'Never you mind. That's how it's done. It shows you know what's what.'
In due course Herbert grew old enough to go to school. Mrs Sunbury was anxious because she had never let him play with the children in the street.
'Evil communications corrupt good manners,' she said. 'I always have kept myself to myself and I always shall keep myself to myself.'
Although they had lived in the same house ever since they were married she had taken care to keep her neighbours at a distance.
'You never know who people are in London,' she said. 'One thing leads to another, and before you know where you are you're mixed up with a lot of riff-raff and you can't get rid of them.'
She didn't like the idea of Herbert being thrown into contact with a lot of rough boys at the County Council school and she said to him:
'Now, Herbert, do what I do; keep yourself to yourself and don't have anything more to do with them than you can help.'
But Herbert got on very well at school. He was a good worker and far from stupid. His reports were excellent.
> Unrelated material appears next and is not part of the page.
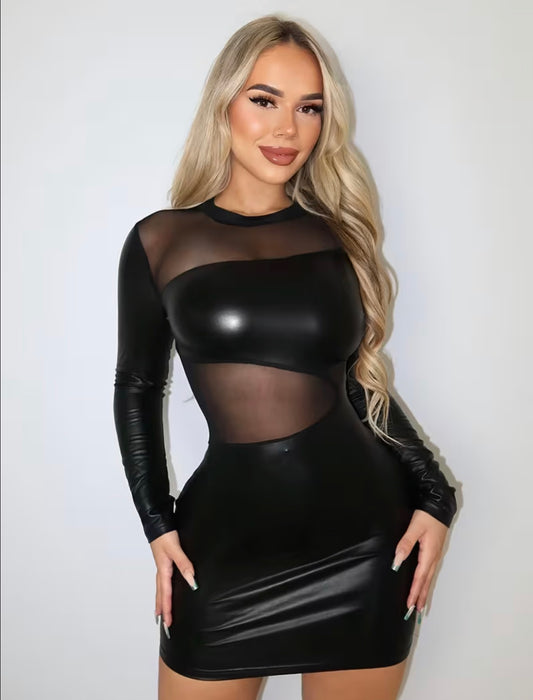 Mesh Panel Faux Leather Bodycon Mini Dress – Long Sleeve Clubwear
It turned out that he had a good head for figures.
'If that's a fact,' said Samuel Sunbury, 'he'd better be an accountant. There's always a good job waiting for a good accountant.'
So it was settled there and then that this was what Herbert was to be. He grew tall.
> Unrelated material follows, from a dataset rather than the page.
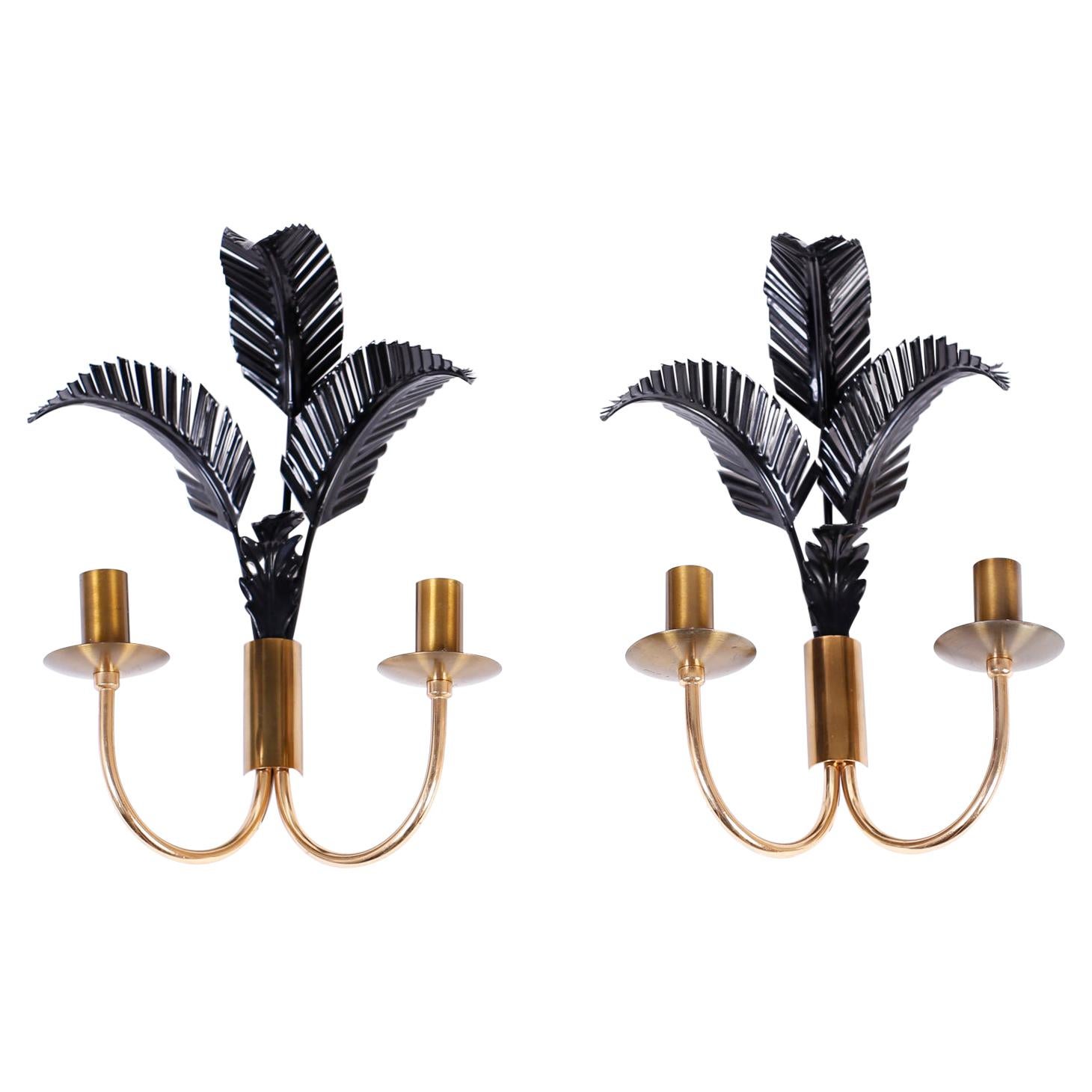 Pair of Mid Century Tole and Brass Palm Leaf Wall Sconces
'Why, Herbert,' said his mother, 'soon you'll be as tall as your dad.'
By the time he left school he was two inches taller, and by the time he stopped growing he was five feet ten.
'Just the right height,' said his mother. 'Not too tall and not too short.'
He was a nice-looking boy, with his mother's regular features and dark hair, but he had inherited his father's blue eyes, and though he was rather pale his skin was smooth and clear. Samuel Sunbury had got him into the office of the accountants who came twice a year to do the accounts of his own firm and by the time he was twenty-one he was able to bring back to his mother every week quite a nice little sum. She gave him back three half-crowns for his lunches and ten shillings for pocket money, and the rest she put in the Savings Bank for him against a rainy day.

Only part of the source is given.